One aim of the legislation is the infusion of capital by socially minded entrepreneurs into companies that have specific social goals. The new law accomplished this by protecting the directors of such corporations from stockholder lawsuits grounded upon a failure to maximize financial profit. In effect, an investor in a benefit corporation is put on notice that maximization of profit is not necessarily the guiding rule for this type of company.
A. Director Duties
Now, by using a benefit corporation, directors will be free to think beyond maximizing profits for owners, and, instead, to consider "general public benefit." Those exact words are defined in the statute as "a material, positive impact on society and environment, as measured by a third party standard, through activities that promote a combination of special public benefits."

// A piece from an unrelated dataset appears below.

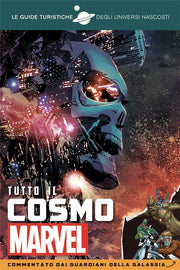TUTTO IL COSMO MARVEL:HIDDEN UNIVERSE GUIDE TURISTICHE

Generally, directors are supposed to take actions that they believe are in the best interests of the corporation on whose board they serve. However, Maryland's new law provides that in determining what a director believes to be in the best interest of a "benefit corporation," the director should consider the effect the action in question will have on the following:
1. The interests of the benefit corporation's stockholders;
2. The interests of the benefit corporation's employees;
3. The interests of the benefit corporation's customers as beneficiaries;
4. Community and societal considerations; and
5. The local and global environment.
Of course, since Maryland is the first state to endorse this type of entity, there is not yet any law here or elsewhere to help people know how the new statutory framework will be interpreted. For example, there is no guidance on how, or if, the five factors identified above are to be weighed.
B. Process Requirements
Both new and existing corporations can obtain benefit corporation status. Existing corporations must have stockholder approval to convert into a benefit corporation. Every benefit corporation must include in its charter the statement that the corporation is a "benefit corporation," and this statement must appear at the heading of every charter document and on each stock certificate.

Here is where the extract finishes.